New surveillance laws set to be approved in the UK are “totalitarian” and could cost British lives, security whistleblower William Binney told members of Parliament (MPs) on Wednesday.
Lawmakers are debating the controversial Investigatory Powers Bill, introduced by Home Secretary Theresa May and dubbed the “Snooper’s Charter” by opponents.

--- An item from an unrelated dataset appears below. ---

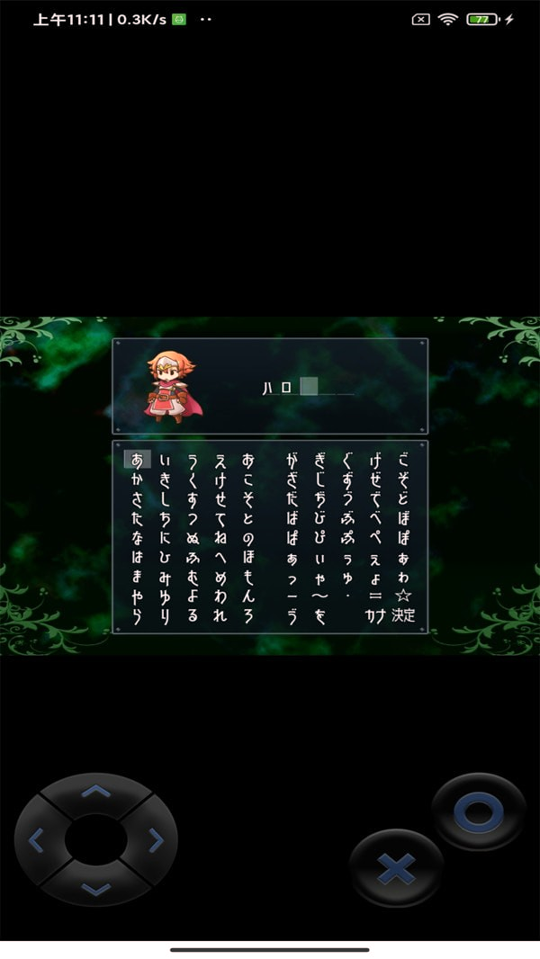 最终幻想曲游戏截图3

It is expected to pass later this year and would, among other things, require telecommunications companies to store records of websites visited by every UK citizen for 12 months for access by law enforcement agencies.
That kind of sweeping, invasive surveillance strategy “costs lives, and has cost lives in Britain because it inundates analysts with too much data,” said Binney, who worked for the National Security Agency (NSA) for 30 years before exposing the ineffectiveness of its various intelligence programs.

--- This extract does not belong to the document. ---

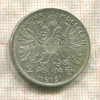 2 кроны. Австрия 1912г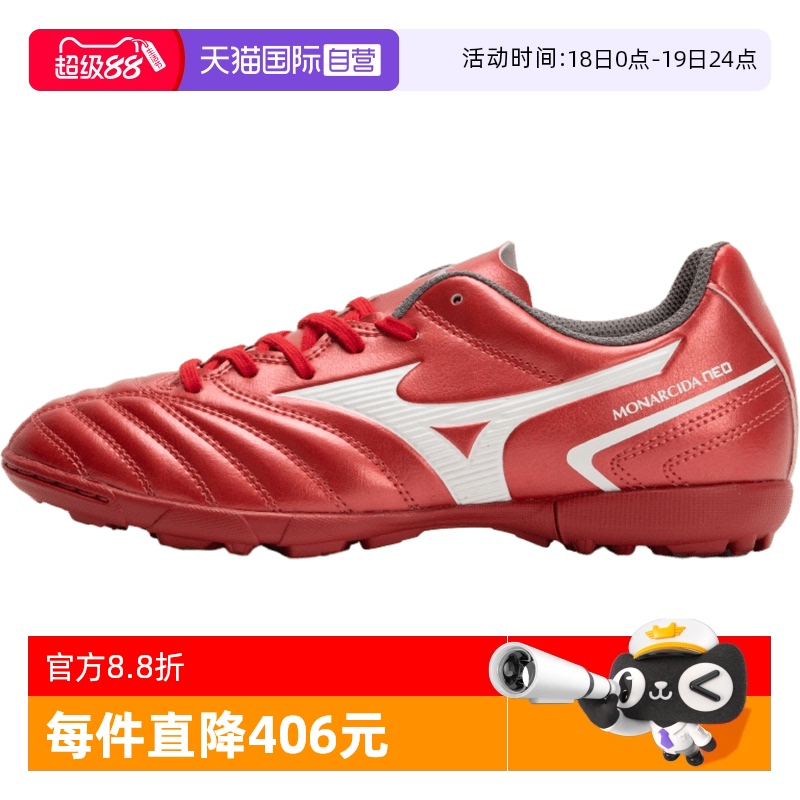 【自营】MIZUNO美津浓足球鞋女鞋轻便训练鞋人草AS碎钉鞋P1GE2225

Binney also criticized a UK government surveillance program known as Black Hole, launched in 2008 and made public in 2013 by NSA whistleblower Edward Snowden, which lists everyone in the world who has ever visited a website.

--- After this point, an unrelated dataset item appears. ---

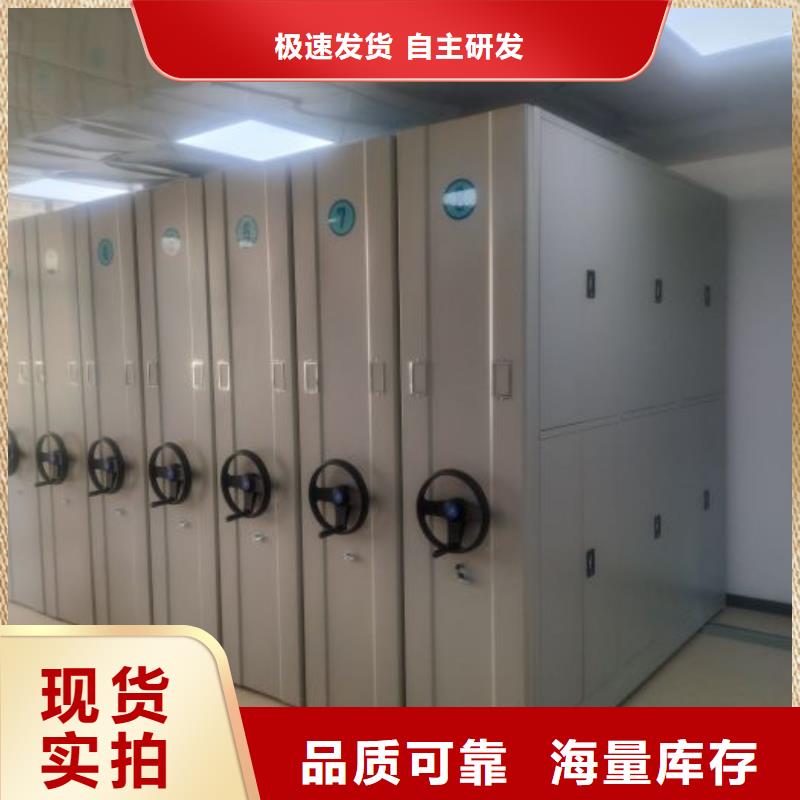 企業輝煌【鑫康】三柱式密集架實體廠家大量現貨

“It is 99 percent useless,” Binney said. “Who wants to know everyone who has ever looked at Google or the BBC? We have known for decades that that swamps analysts.”
In fact, Binney charged, those kinds of expansive measures prevented intelligence agents from uncovering the September 11 plot, as the deluge of information strained resources within the NSA and impeded its ability to investigate leads.